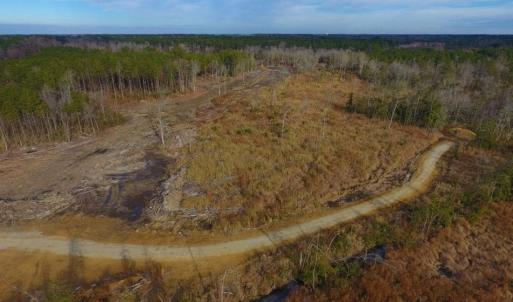 Photo of UNDER CONTRACT!  100 Acres of Hunting and Timber Land For Sale in Nash County NC!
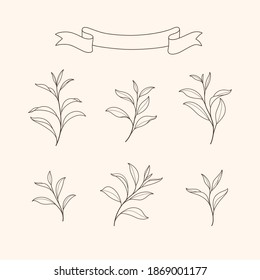 Set of green tea leaves. Flat vector illustration.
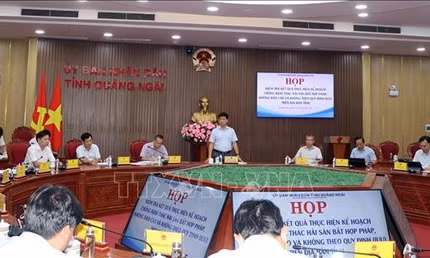 Quảng Ngãi ra thời hạn hoàn thành cài đặt ứng dụng eCDT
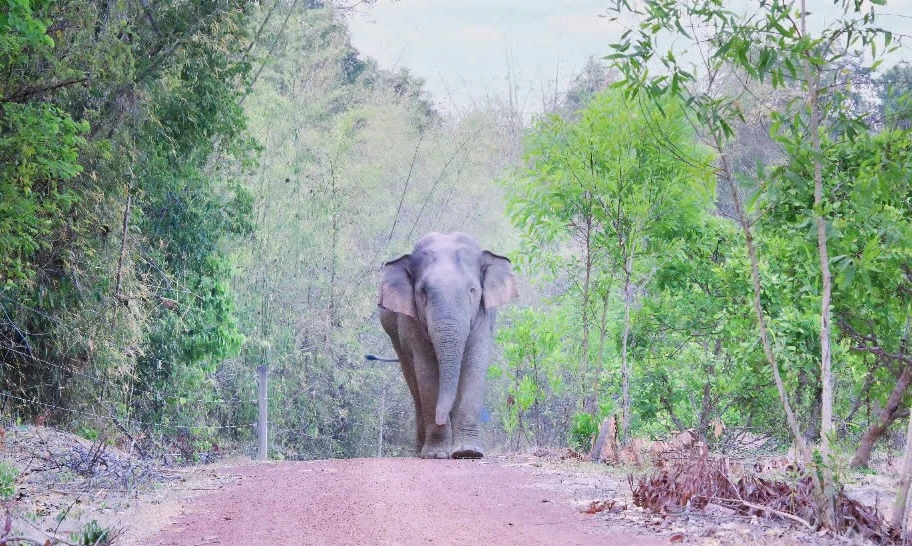 khu bảo tồn. 1.jpg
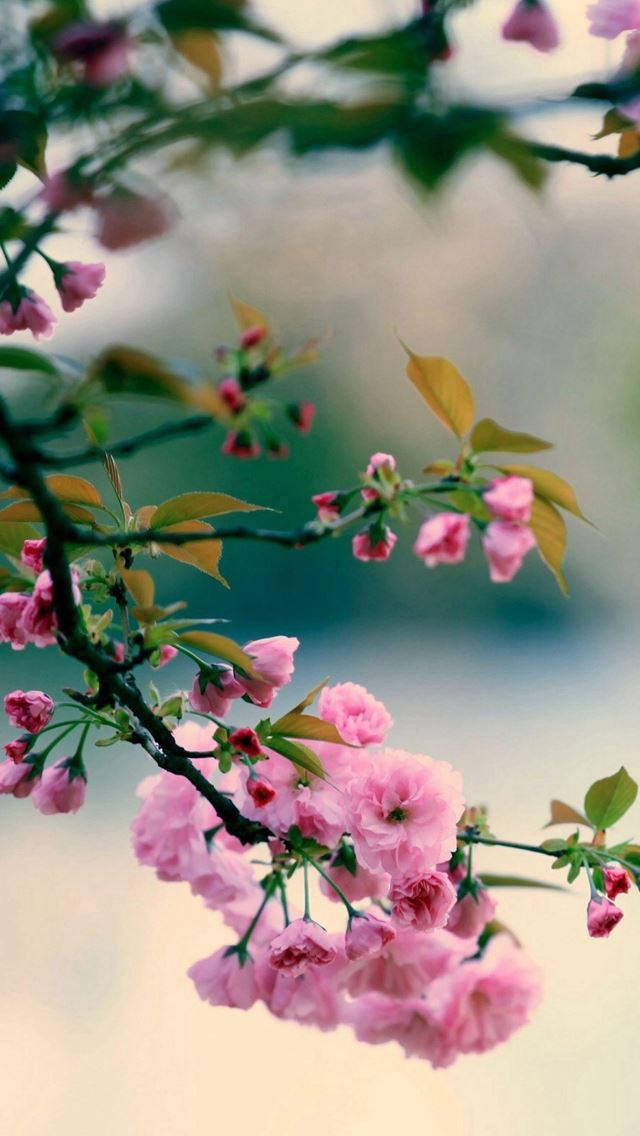 桌布 壁紙 — 柔和的粉紅色櫻花在帶有新鮮綠葉的樹枝上 delicately 綻放，背景是模糊的粉彩。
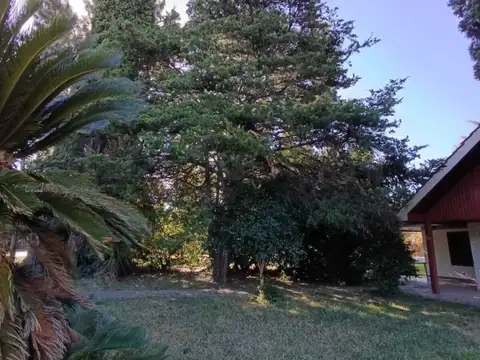 447 esquina 21 , Piso 0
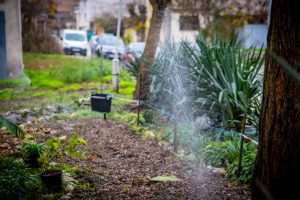 Нова поливна система има в пазарджишки парк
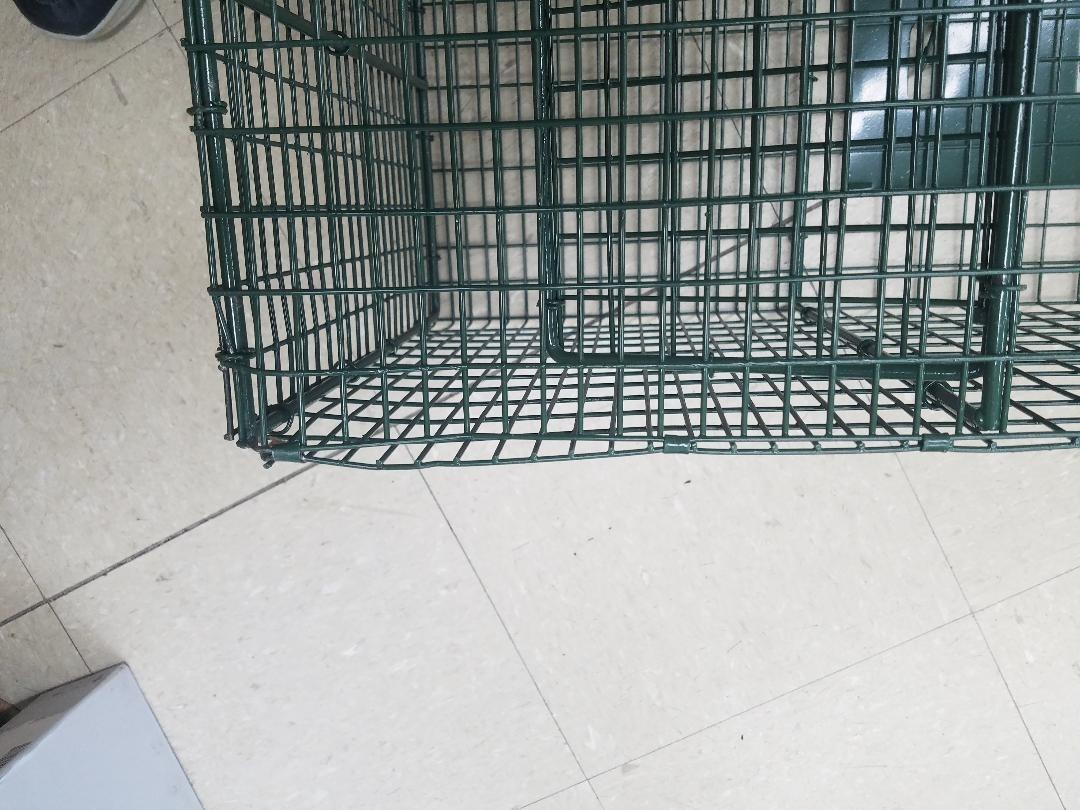 Duke Traps Heavy Duty Large Cage Trap customer photo 1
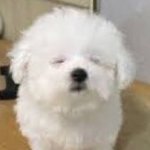 내본진 알<b>페스</b>판 ㅈㄴ큰데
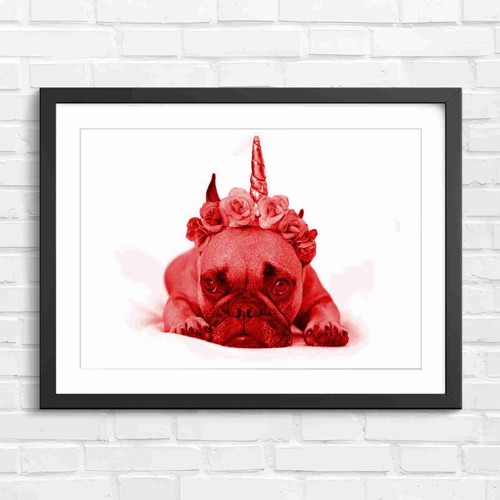 Adorable french bulldog with - adorable,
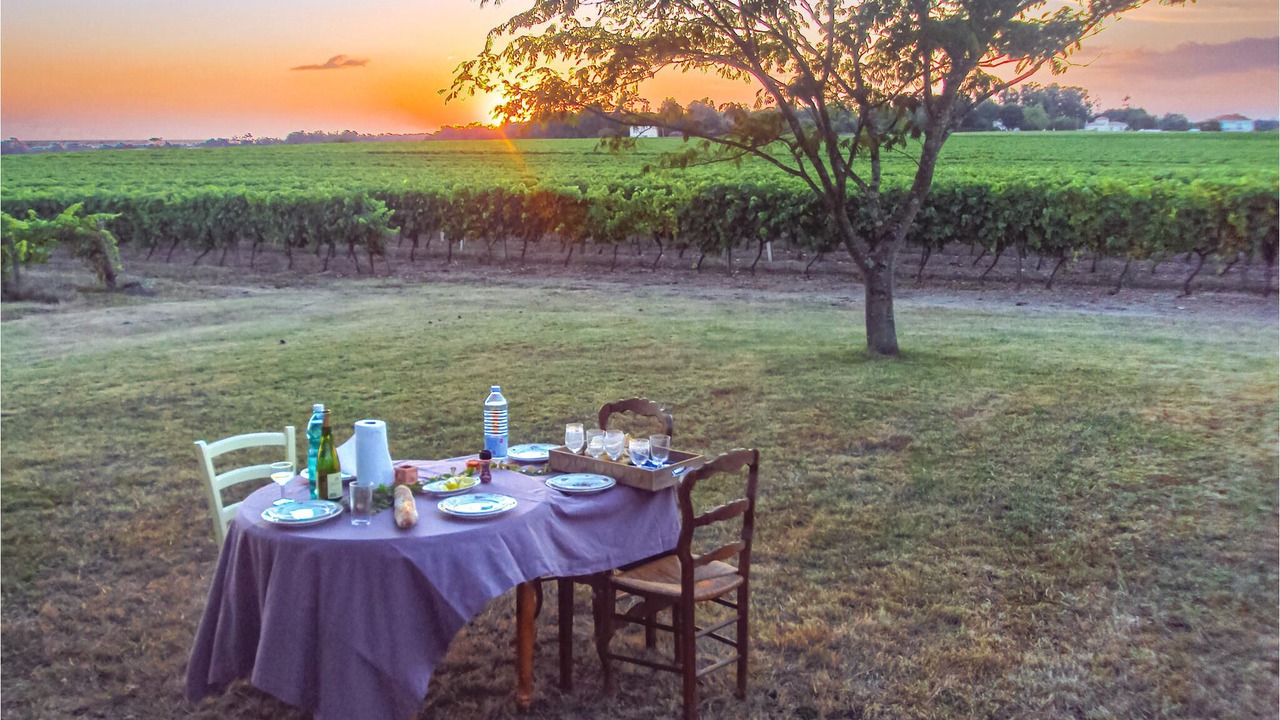 Photo of Others in Saint-Andre-de-Lidon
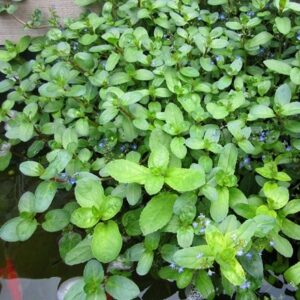 Veronica beccabunga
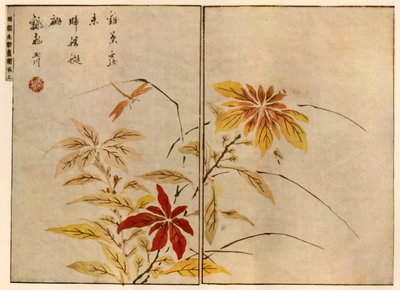Libélula con plantas, 1746, 1924 de Ooka Shunboku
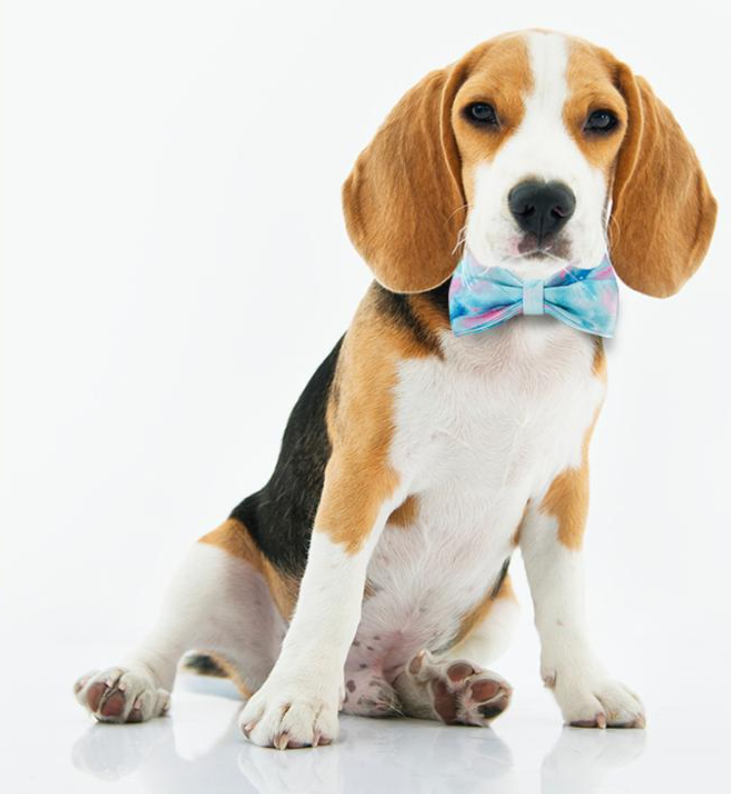Pattern Custom Collar & Accessories - Buy-In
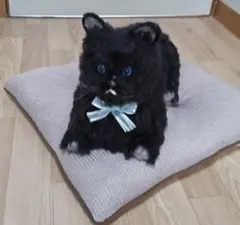 Item thumbnail for item fa15fd7a-5969-46bc-8a4c-fe65913b433f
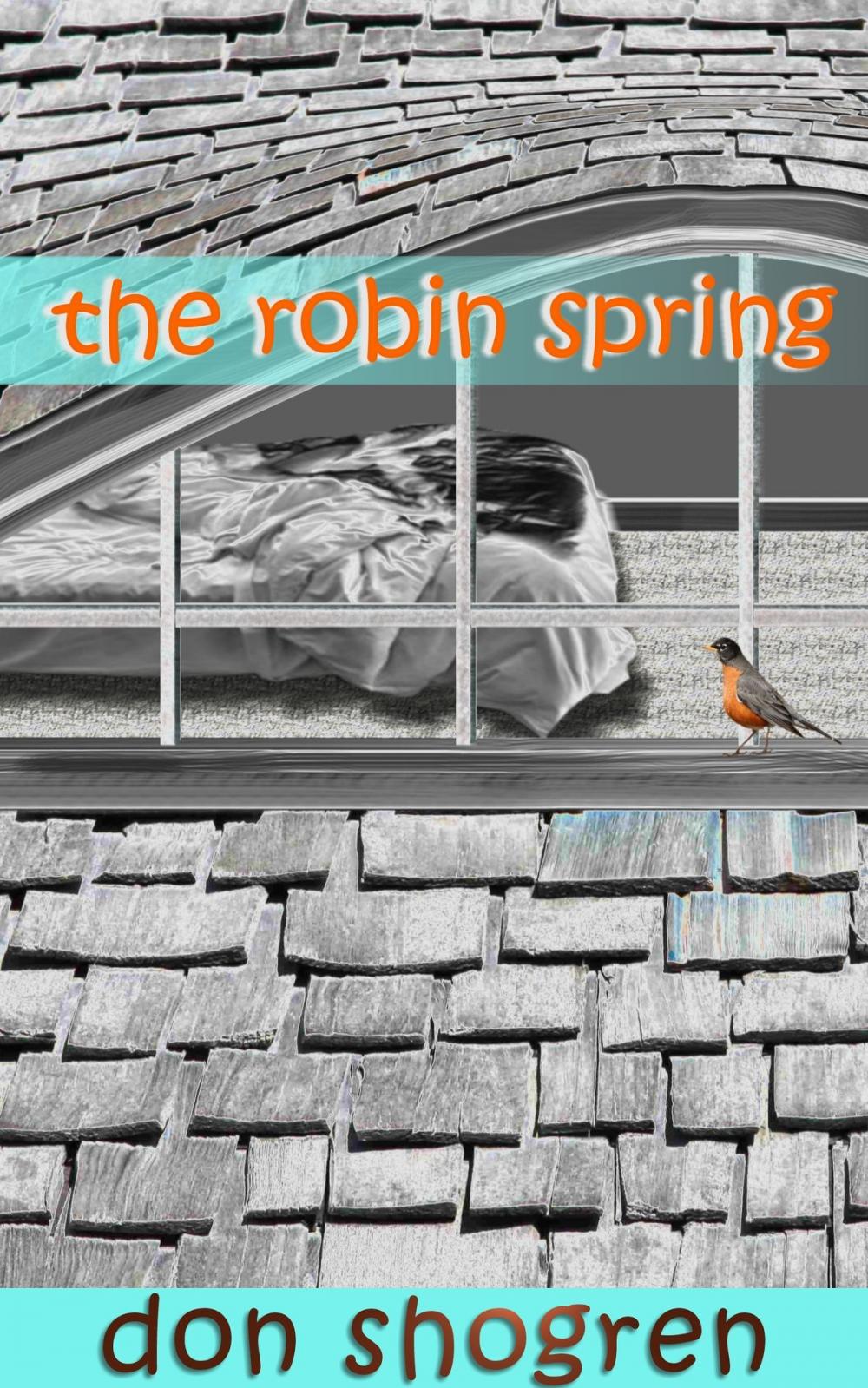 Big bigCover of The Robin Spring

══════

Begin the copy at the line containing "447 esquina 21 , Piso 0" and end it at the final line of the material above, reproducing each line exactly and omitting pictures.

 447 esquina 21 , Piso 0
 Нова поливна система има в пазарджишки парк
 Duke Traps Heavy Duty Large Cage Trap customer photo 1
 내본진 알<b>페스</b>판 ㅈㄴ큰데
 Adorable french bulldog with - adorable,
 Photo of Others in Saint-Andre-de-Lidon
 Veronica beccabunga
Libélula con plantas, 1746, 1924 de Ooka Shunboku
Pattern Custom Collar & Accessories - Buy-In
 Item thumbnail for item fa15fd7a-5969-46bc-8a4c-fe65913b433f
 Big bigCover of The Robin Spring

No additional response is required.